Particularmente esta função
recapituladora assumida pela Maçonaria tradicional faz pensar que ela
subsistirá até a consumação do ciclo, o que, por outro lado, e como assinala um
autor maçom, "... está expresso simbolicamente pela fórmula ritual segundo
a qual a Loja de São João está no vale de Josafá", que, acrescentamos, é
onde simbolicamente terá lugar o que no Cristianismo se denomina o "Juízo
Final". "No mesmo sentido, também se diz que a Loja maçônica
permanece"... "na mais alta das montanhas e no mais profundo dos
vales", aludindo com isso ao começo do ciclo (quando o Paraíso se
encontrava no topo da montanha do Purgatório) e ao seu final (quando a Verdade
do conhecimento, representada pelo estado edénico, "fechando-se" em
si mesma, se fez invisível à maioria dos homens, ocultando-se no "mundo
subterrâneo"). Há que se dizer, para completar esta simbologia cíclica,
que o vale corresponde à caverna, que por estar no interior da montanha se
situa por sobre um mesmo eixo que conecta a cúspide de uma com a base da outra,
unindo desta maneira o mais "alto" (ou princípio) com o mais
"baixo" (ou final).
Dito isso, que cremos foi necessário para
aclarar certas confusões que existem em torno da Maçonaria, tentaremos
explicar, a seguir, algumas dessas heranças simbólicas que esta Ordem recebeu
de outras formas tradicionais, ainda existentes ou já desaparecidas. Do
Hermetismo a Maçonaria recolhe, em parte, a riqueza da simbologia alquímica,
que inclui os ensinamentos e vivências dos processos de transmutação
psicológica que levam do estado profano à realização espiritual.

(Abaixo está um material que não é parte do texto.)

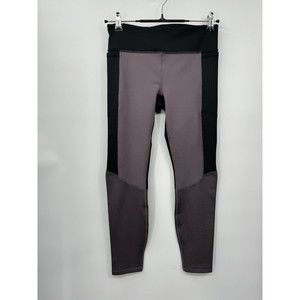 Fabletics Women's Purple Black Mid Rise Powerhold Salar Mesh Leggings Size S‎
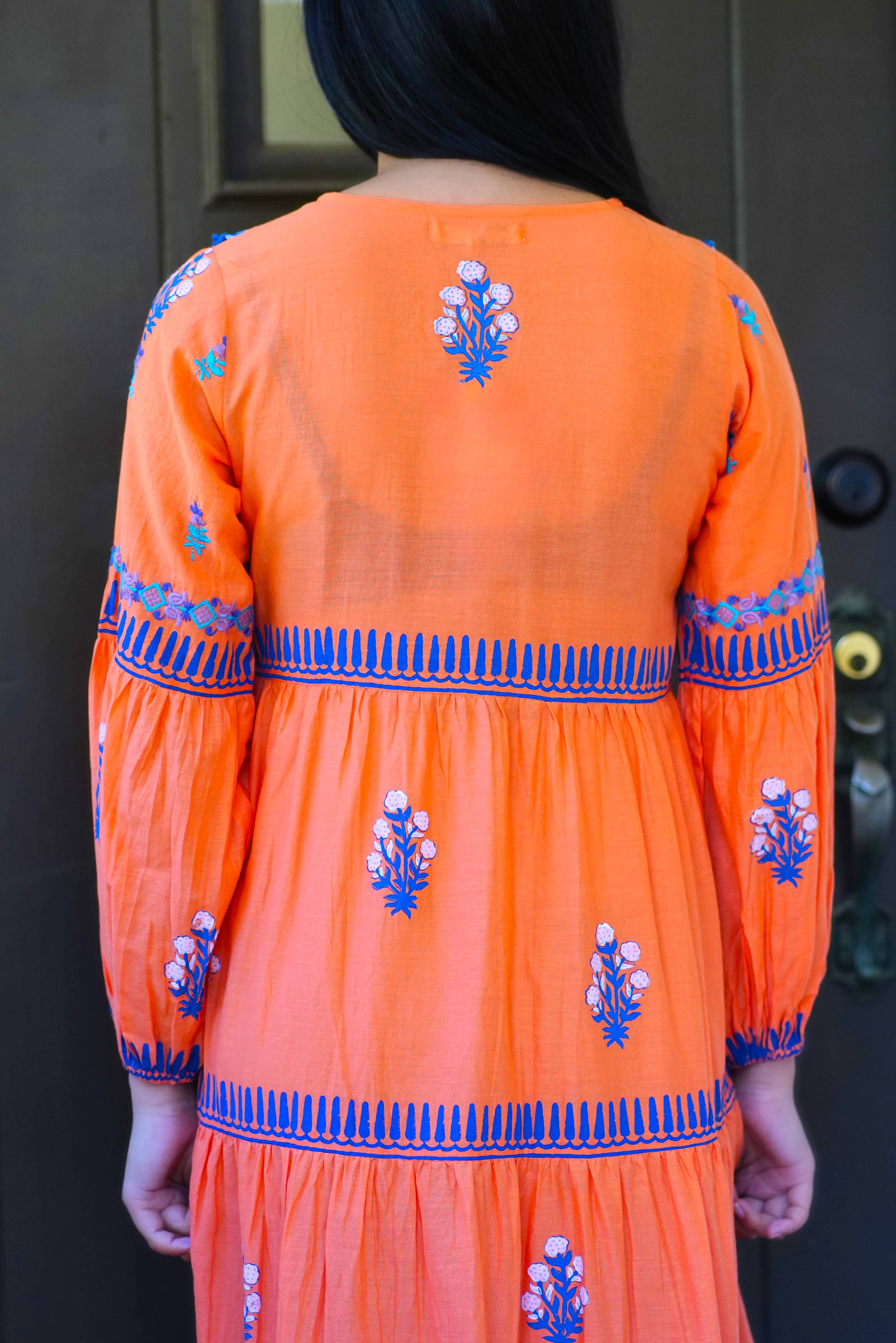 Orange Hand-Block Printed Dress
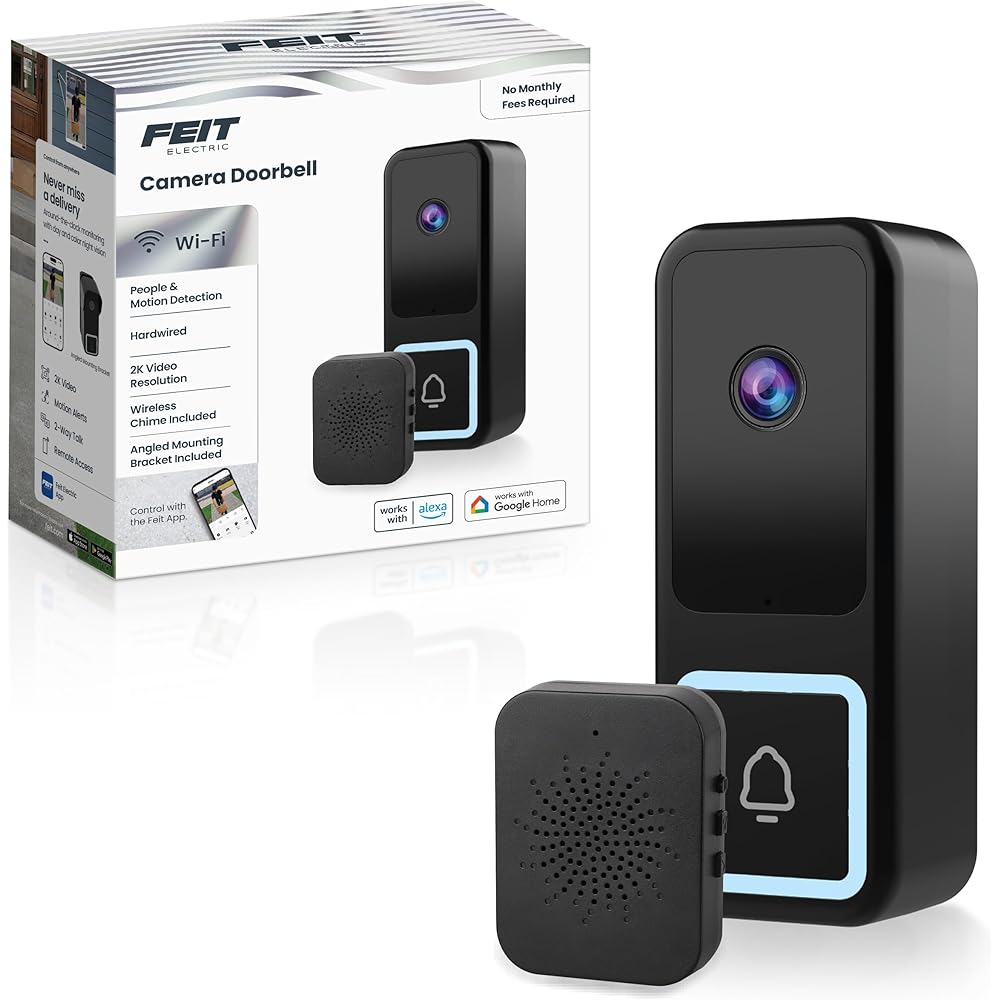 Feit Electric Smart Doorbell Camera, Wired 2K HD Video, Night Vision, Motion Detection, Two-Way Audio, Alexa/Google Assistant Compatible, App Control, Wireless Chime Included, CAM/Door/WiFi/G2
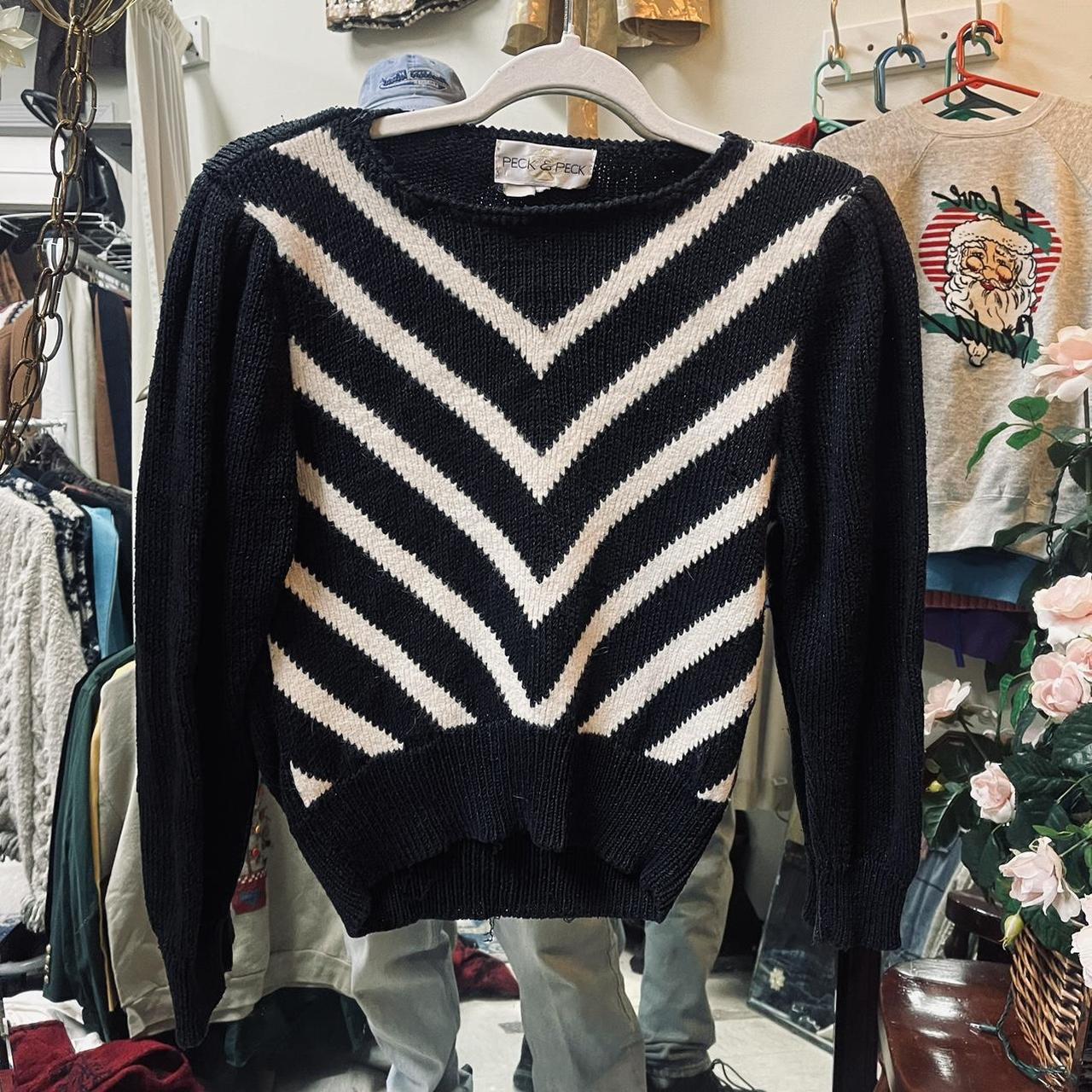 Vintage Peck + Peck Ruffle Shoulder 80's Style Sweater - Depop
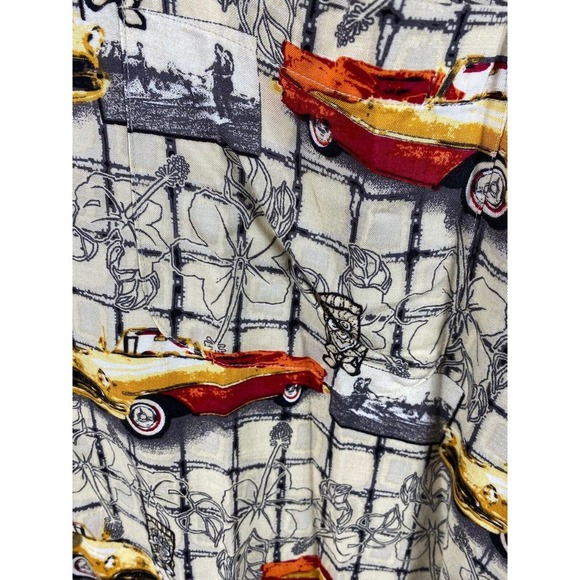 Morro Bay Hawaiian Shirt Medium Button Down Mens Hot Rod Cars Tropical Rayon - Picture 7 of 8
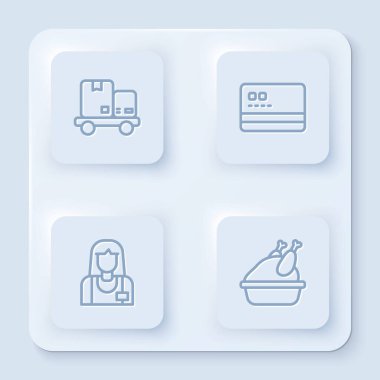 El arabası ve kutular, kredi kartı, satıcı ve kızarmış hindi ya da tavuk. Beyaz kare düğme. Vektör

O simbolismo dos elementos, relacionado
com as energias purificadoras da natureza, é de suma importância no rito da
iniciação maçônica. Neste sentido, a "Câmara de Reflexão" maçônica
vem a ser o mesmo, e cumpre idêntica função simbólica que o athanor hermético:
um espaço fechado e íntimo onde se produzem as mudanças de estados
regenerativos exemplificados pela gradual "sutilização" da matéria
densa e caótica do composto alquímico. Igualmente, os diversos objetos
simbólicos que se encontram na "Câmara de Reflexão" são quase todos
de origem alquímica e hermética, como por exemplo, as três taças contendo
enxofre, mercúrio e sal, sem esquecer das siglas V.I.T.R.I.O.L. e a bandeirola
com as palavras "Vigilância e Perseverança", as quais se referem ao
estado de vigília permanente e paciência de que deve armar-se o alquimista em
suas operações.
Por outro lado, existem
interessantíssimas analogias entre o processo de transmutação da "matéria
caótica" alquímica e o desbastar da "pedra bruta" na Maçonaria,
pelo que se pode fazer uma transposição totalmente coerente entre o simbolismo
alquímico e o simbolismo construtivo e arquitetônico. Dessa maneira, a iniciação
hermético–alquímica está presente por igual nos três graus maçônicos (de
aprendiz, companheiro e mestre), que reproduzem as três etapas da "Grande
Obra", que incluem uma morte, um renascimento e uma ressurreição,
respectivamente. Enfim, as leis herméticas das correspondências e analogias
entre o macro e o microcosmo estão resumidas e sintetizadas no esquema geral do
templo ou Loja maçônica, verdadeira imagem simbólica do mundo.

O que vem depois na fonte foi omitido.